Takutkah para murid ? Hmm…, keasyikan kami bermain kasti rasa-rasanya sudah menenggelamkan rasa takut itu dalam-dalam. Itu olahraga untuk anak perempuan. Sementara anak-anak lelaki bermain bola.

Kami tak jerih berlarian di antara nisan yang terpatok di sana. Berpencar kesana-kemari mencari kemana arah bola kasti menghilang. Tak jarang, aku sengaja mengarahkan pukulan tongkat kastiku, membuat bola kasti itu melenting menuju ke arah nisan terjauh yang bisa dicapai, hal yang pasti membuat teman-teman yang bergabung menjadi ‘musuh’ reguku senewen. Mencari bola di antara nisan itu susah, karena disana juga banyak terdapat bunga kamboja yang bertebaran dimana-mana.

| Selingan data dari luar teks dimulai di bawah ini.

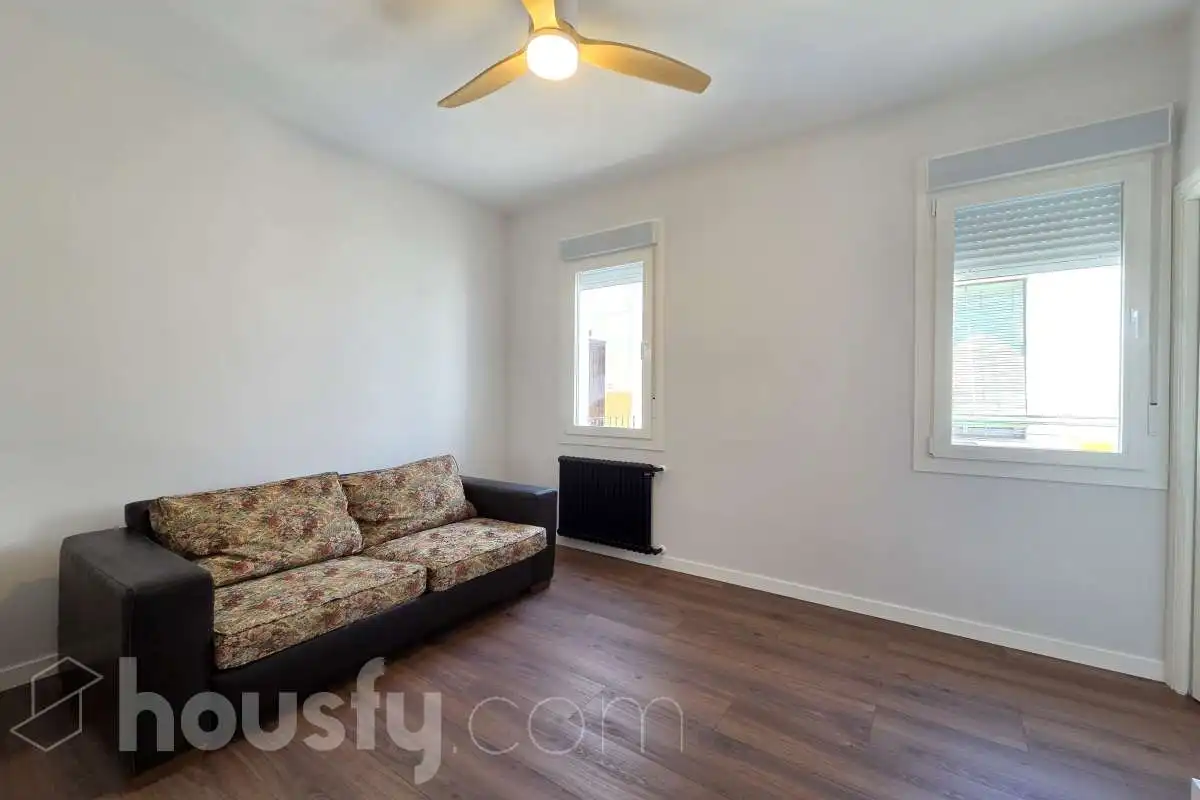 Living room of Flat for rent in Madrid  with Heating and Furnished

Menjadikan kamuflase yang sempurna bagi bola kasti berwarna merah pudar yang cuma segede kepalan tangan.

Kalau diingat-ingat lagi, rasa-rasanya sekarang tidak ada guru yang punya pikiran seperti guru kami itu. Mengajak anak-anak murid bermain bola dan kasti di tanah kuburan ? Barangkali kalau saat ini sampai ada yang begitu, langsung orangtua muridnya protes ke Kepala Sekolah ! Ada-ada saja….

Beruntung, aku merasa sangat beruntung. Karena dengan ‘latihan’ olahraga di ‘njaratan’ itu sudah membuat aku jadi anak pemberani. Kuburan itu ‘kan cuma tempat mereka yang sudah tak bernyawa. Apalagi yang harus ditakuti ? Toh, suatu saat nanti, semua orang bakal mati.

Sungguh kenangan yang sangat indah. Rupanya Pak Guru tidak cuma mendidik kami olahraga, tapi juga memberi kami pengertian bahwa tempat seperti Pakuncenan Wirobrajan itu juga bisa bermanfaat bagi kami yang masih hidup, bahkan untuk bersenang-senang.